* [What you are asked to do] Pictures excluded, output the lines of the data below between the one holding "view of property's" and the one holding "Rob playing cricket", inclusive, exactly as they stand.

* [Source material]
· · · · ·

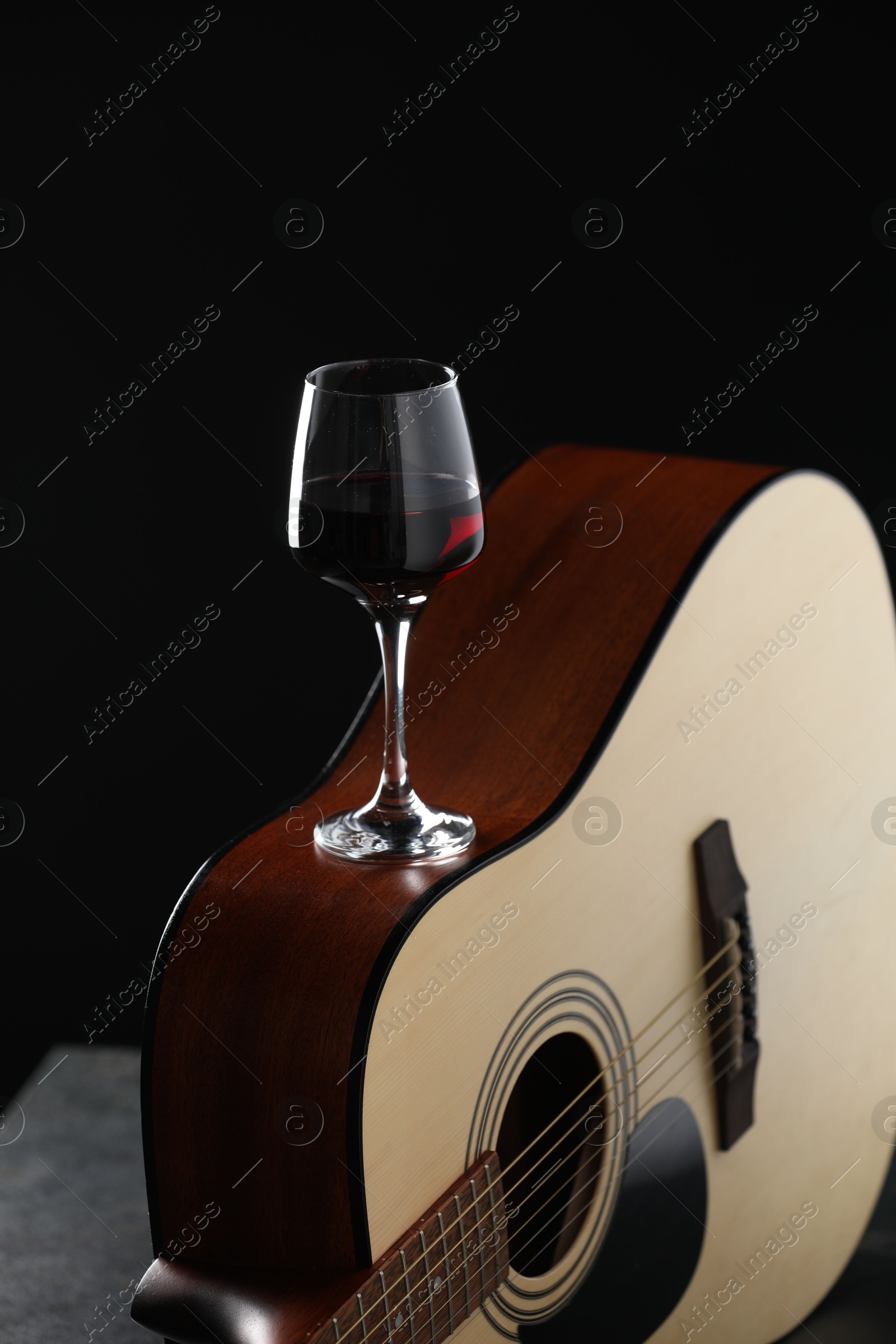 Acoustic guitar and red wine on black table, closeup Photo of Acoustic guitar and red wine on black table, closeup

· · · · ·

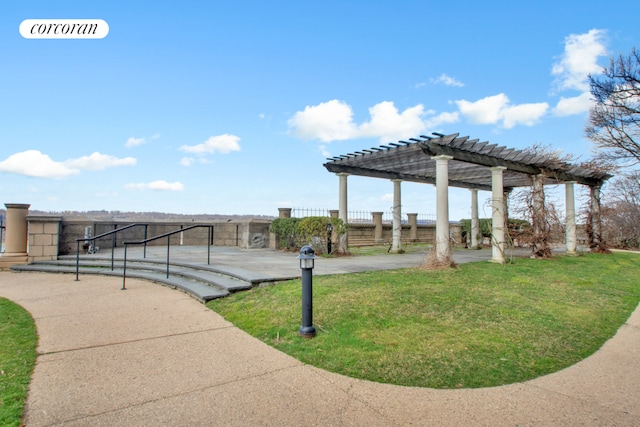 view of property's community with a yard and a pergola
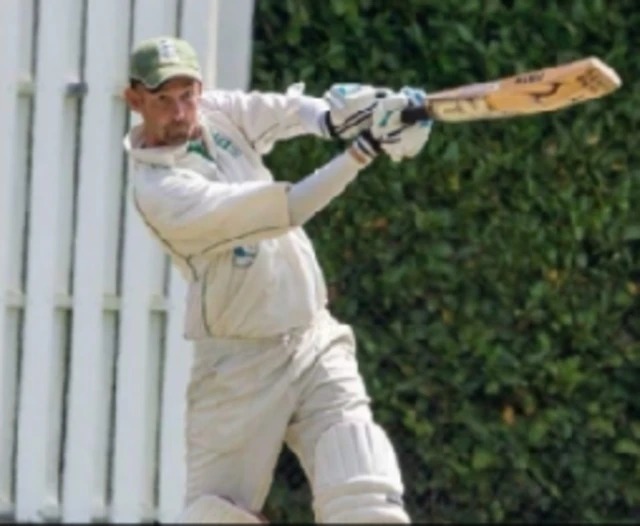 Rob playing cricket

· · · · ·

* [Written answer]
 view of property's community with a yard and a pergola
 Rob playing cricket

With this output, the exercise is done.